<自由奪われ低迷する香港経済>中国・深圳へ流出する消費、浮き上がる香港人のジレンマ
政治的には支持せずとも「消費」はする
香港人は、自らの生活を厳しくした一つの要因となっている中国本土へ消費をしに行っている形だ。国安法に加え、最近ではそれを補完する香港国家安全条例が施行され、香港人は政治的な自由がほぼなくなり、中国のことについて表立っては何も言わなくなった。しかし、19年の逃亡犯条例改正案に関連して主催者発表で100万人や200万人のデモを起こした民主化を求める政治的信条が大きく変わったわけではない。イデオロギーを支持していなくても、経済活動には与する状態と言える。 香港の歴史は、清朝、英国、日本、英国、中国と統治者が頻繁に変わってきた。その中にはアヘン戦争や第1次、第2次世界大戦も含まれており、彼らの最優先事項は生き延びることにある。これがDNAに組み込まれており、彼らは超がつく現実主義者だ。

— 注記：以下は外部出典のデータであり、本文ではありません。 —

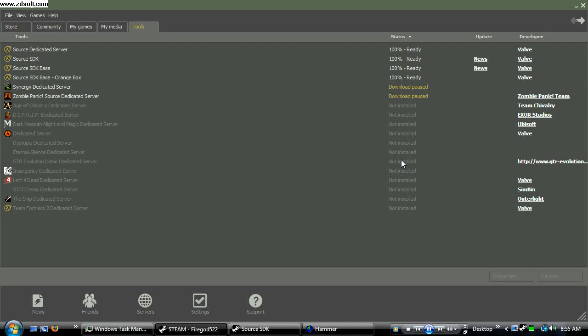Hey everybody, this is FireGuard522 with my 5th Hammer Editor tutorial. And today I'm going to be showing you guys how to use the vertex manipulation tool.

筆者の知り合いは「この前、家族3人で中華料理を深圳で食べてきました。香港と比較すると3~4割安かったです。交通費を含めても安い。家族持ちとしては大きな違いだよね」と自らの財布が第一だ。 また、ある知人は自分が働く香港の会社が深圳に支店を開設したため、深圳に高頻度で出張にいかなければならなくなった。今の中国は電子マネーが発達し、現金どころかクレジットカードすら受け付けないところも増えている。「中国本土の電子マネーのサービスを利用しなければ買い物どころか交通機関に気軽に乗ることもできない。中国本土でまず銀行口座を開かないといけなくなりました。諸手続きが面倒で口座開設まで何度も銀行に通ったよ」と苦笑いする。口座開設後は買い物を楽しんでいるとも話していた。 今では、中国本土の決済サービスAlipayの香港版がリリースされており、中国本土でも利用できるようになっている。支払の心配がなくなったことも北上を加速させている。 香港と深圳はイデオロギーが異なる都市だとしても、物価が安く自分の生活が良くなるのであれば深圳で消費するのだ。口座を作った知人は「政治的なことはあるけど、実際、深圳の物価は安いからね。生活もあるし」と淡々と語る。 日本人には理解できないかもしれないが、香港流の本音と建て前の使い分けることで生き延びてきた彼らのやり方である。